[B]US Dollar / Canadian Dollar Monthly Technical Forecast[/B]
5 waves up from the 2007 low ended at 1.3068 and the USDCAD has fallen sharply since. Second waves often retrace 61.8% of wave 1, which rests at 1.0588 for the USDCAD. Be on the lookout for support near that level.
[B]US Dollar / Canadian Dollar Interest Rate Forecast[/B]
A surprise Bank of Canada interest rate cut recently sent the Canadian dollar immediately lower versus its US namesake, but more recent price action suggests interest rate forecasts will have little effect on the USD/CAD through the foreseeable future. The Bank of Canada’s benchmark rate now stands at a paltry 0.25 percent—its effective floor—and BoC officials made clear that rates would remain low for a long time. That leaves the Canadian Dollar effectively even with the US Dollar as far as rates are concerned, and other factors will prove far more influential as far as USD/CAD price action is concerned.
Indeed, the USD/CAD correlation to Crude Oil stands at its strongest in at least 25 years—strongly suggesting that the Canadian Dollar will likely follow crude’s trajectory through near-term trade. The specter of Bank of Canada Quantitative Easing announcements could likewise force substantial USD/CAD volatility, but such action does not seem imminent.

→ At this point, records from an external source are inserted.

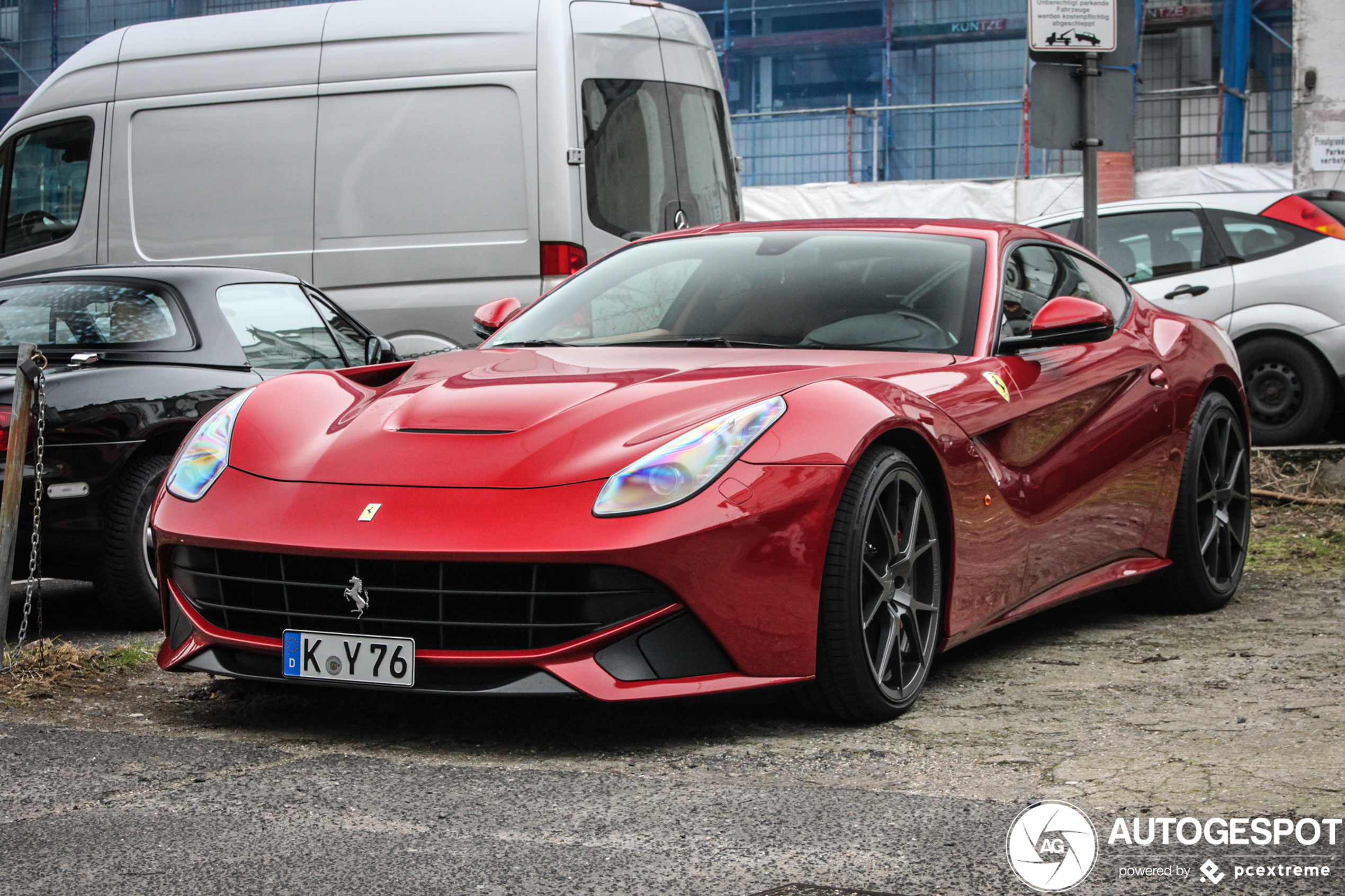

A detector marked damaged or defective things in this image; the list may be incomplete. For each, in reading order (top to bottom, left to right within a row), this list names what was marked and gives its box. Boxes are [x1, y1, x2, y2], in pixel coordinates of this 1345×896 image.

cracked pavement [2, 572, 1345, 892]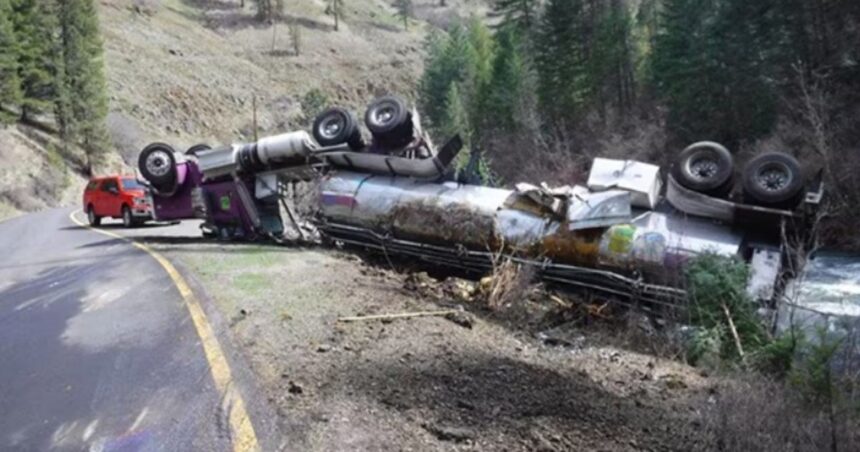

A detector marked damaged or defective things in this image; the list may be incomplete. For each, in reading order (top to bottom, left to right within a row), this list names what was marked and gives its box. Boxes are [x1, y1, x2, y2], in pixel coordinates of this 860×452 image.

overturned semi truck [136, 95, 828, 316]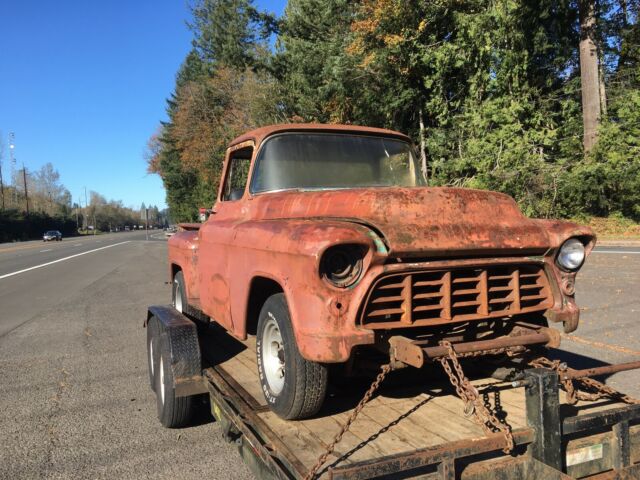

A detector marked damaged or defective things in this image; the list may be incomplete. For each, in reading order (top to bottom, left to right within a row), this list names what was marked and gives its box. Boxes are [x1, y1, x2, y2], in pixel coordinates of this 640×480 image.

rusty red patina [166, 122, 596, 418]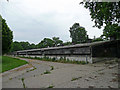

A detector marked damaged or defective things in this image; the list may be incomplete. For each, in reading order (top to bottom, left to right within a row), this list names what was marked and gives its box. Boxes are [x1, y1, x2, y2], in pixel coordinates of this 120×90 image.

cracked concrete surface [1, 57, 119, 88]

[B]US Dollar / Canadian Dollar Valuation Forecast[/B]
[B]USDCAD Valuation Forecast: [/B][B]Bullish[/B]
The past month has seen USDCAD drop sharply lower following an impressive rally in crude oil and other commodities, sending the pair 1160 pips below its “fair” exchange rate. Looking ahead, the US seems almost certain to precede Canada in raising interest rates, boding well for the greenback at the expense of its northern cousin. Indeed, Canada’s close trade links with the States all but necessitate that the US rebounds as a precondition for a return to healthy economic growth. That said, the rebound in risky assets is yet to find a confirmed top so the pair may yet push lower, making for a more attractive buying opportunity in the months ahead.

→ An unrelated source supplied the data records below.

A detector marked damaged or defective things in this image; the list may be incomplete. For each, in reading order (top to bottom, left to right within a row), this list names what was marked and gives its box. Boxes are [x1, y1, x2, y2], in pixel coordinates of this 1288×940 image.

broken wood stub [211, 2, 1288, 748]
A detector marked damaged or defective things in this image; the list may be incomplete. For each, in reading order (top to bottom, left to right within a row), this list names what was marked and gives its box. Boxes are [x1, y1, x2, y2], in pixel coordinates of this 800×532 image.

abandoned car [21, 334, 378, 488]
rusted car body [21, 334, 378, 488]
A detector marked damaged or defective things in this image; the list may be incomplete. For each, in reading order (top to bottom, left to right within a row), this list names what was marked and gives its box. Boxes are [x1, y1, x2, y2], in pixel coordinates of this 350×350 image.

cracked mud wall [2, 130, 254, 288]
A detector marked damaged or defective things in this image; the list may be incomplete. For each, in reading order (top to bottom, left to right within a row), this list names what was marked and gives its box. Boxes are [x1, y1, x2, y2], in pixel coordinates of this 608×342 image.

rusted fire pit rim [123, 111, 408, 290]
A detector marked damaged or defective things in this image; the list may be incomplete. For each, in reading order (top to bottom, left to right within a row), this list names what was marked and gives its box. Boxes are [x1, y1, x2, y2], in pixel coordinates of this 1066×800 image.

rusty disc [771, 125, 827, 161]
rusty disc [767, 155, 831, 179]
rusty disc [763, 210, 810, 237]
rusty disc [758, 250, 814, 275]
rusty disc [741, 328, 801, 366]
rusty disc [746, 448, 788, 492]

[B]What is Purchasing Power Parity?[/B]
One of the oldest and most basic fundamental approaches to determining the “fair” exchange rate of one currency to another relies on the concept of Purchasing Power Parity. This approach says that an identical product should cost the same from one country to another, with the only difference in the price tag accounted for by the exchange rate. For example, if a pencil costs €1 in Europe and $1.20 in the US, the “fair” EURUSD exchange rate should be 1.20. For our purposes, we will use the PPP values provided annually by the Organization for Economic Cooperation and Development (OECD). We compare these values to current market rates to determine how much each currency is under- or over-valued against the US Dollar.